April 07, 2022
Google is releasing a new feature for its search engine that tries to mimic how we inquire about things in the real world.
Instead of just typing into a search box, you can now present an image with Google Lens, then tailor the results with follow-up questions. You might, for instance, submit a picture of a dress, then ask to see the same style in different colors or skirt lengths. Or, if you spot a pattern you like on a shirt, you can ask to see that same pattern on other items, such as drapes or ties. The feature, called “Multisearch,” is now rolling out to Google’s iOS and Android apps, though it doesn’t yet incorporate the “MUM” algorithm that Google demonstrated last fall as a way to transform search results.
Google Director of Search Lou Wang says that Multisearch takes after the way we ask questions about things we’re looking at, and is an important part of how Google views the future of search. It may also help Google maintain an edge against a wave of more privacy-centric search engines, all of which remain focused on text-based queries. (It’s also reminiscent of a four-year-old Pinterest feature that lets users search for clothing based on photos of their wardrobe.)
“A lot of folks think search was kind of done, and all the cool, innovative stuff was done in the early days,” Wang says. “More and more, we’re coming to the realization that that couldn’t be further from the truth.”
Adding text to image searches
To use the new Multisearch feature, you must open the Google app on your phone, then tap the camera icon on the right side of the search bar to bring up Google Lens. From here, you can use your camera’s viewfinder to identify an object in the physical world or select an existing image from your camera roll.
Once you’ve identified an object, swipe up to show visual matches, then tap the “Add to your search” button at the top of the screen. This brings up a text box to narrow down the results.
While Google Lens has been available since 2017, the ability to filter your search with text is new. It involves not just matching an image with similar ones, but understanding the properties of those images so that users can ask more questions about what they’re seeing. As you might expect, enabling that involves a lot of computer vision, language learning, and machine learning techniques.

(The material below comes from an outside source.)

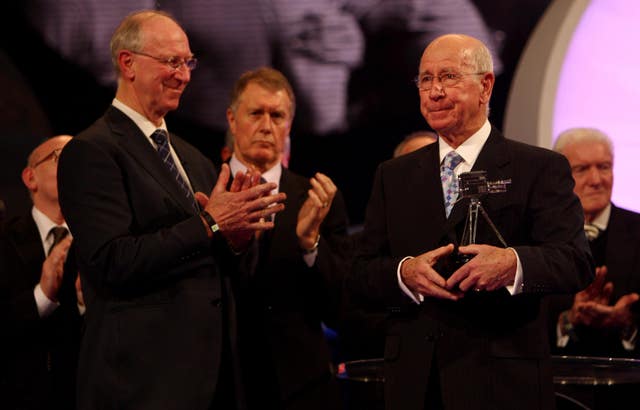 Charlton receives the Lifetime Achievement Award from his brother Jack during the BBC Sport Personality of the Year Awards (David Davies/PA).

“People want to show you a picture, and then they want to tell you something, or they want to ask a follow-up based off of that. This is what Multisearch enables,” Wang says.

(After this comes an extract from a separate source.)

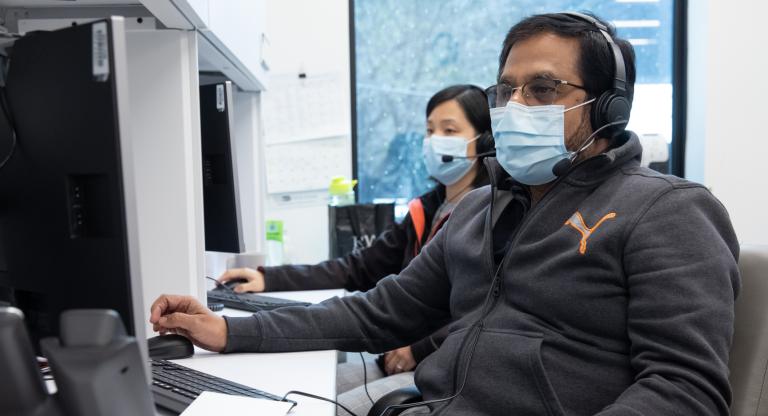 Two individuals wearing facemasks using computers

For now, Google says the feature works best with shopping-related queries, which is what a lot of people are using Google Lens for to begin with. For instance, the company demonstrated a visual search for a pair of yellow high heels with a ribbon around the ankle, then added the word “flat” to find a similar design without heels. Another example could involve taking a picture of a dining table and searching for coffee tables that match.
But Belinda Zeng, a Google Search product manager, says Multisearch could also be useful in other areas. She gives the example of finding a nail pattern on Instagram and searching for tutorials, or photographing a plant whose name you don’t remember and looking up care instructions.
“We definitely think of this as a powerful way to search beyond just shopping,” she says.
Beyond keyword search
Making Multisearch a natural part of people’s search regimen will have its challenges.
For one thing, Google Lens isn’t available in web browsers, though Zeng says Google is looking into browser support. Even in the Google mobile app, Lens is easy to miss, and having to swipe up on image results and tap another button isn’t the most intuitive process.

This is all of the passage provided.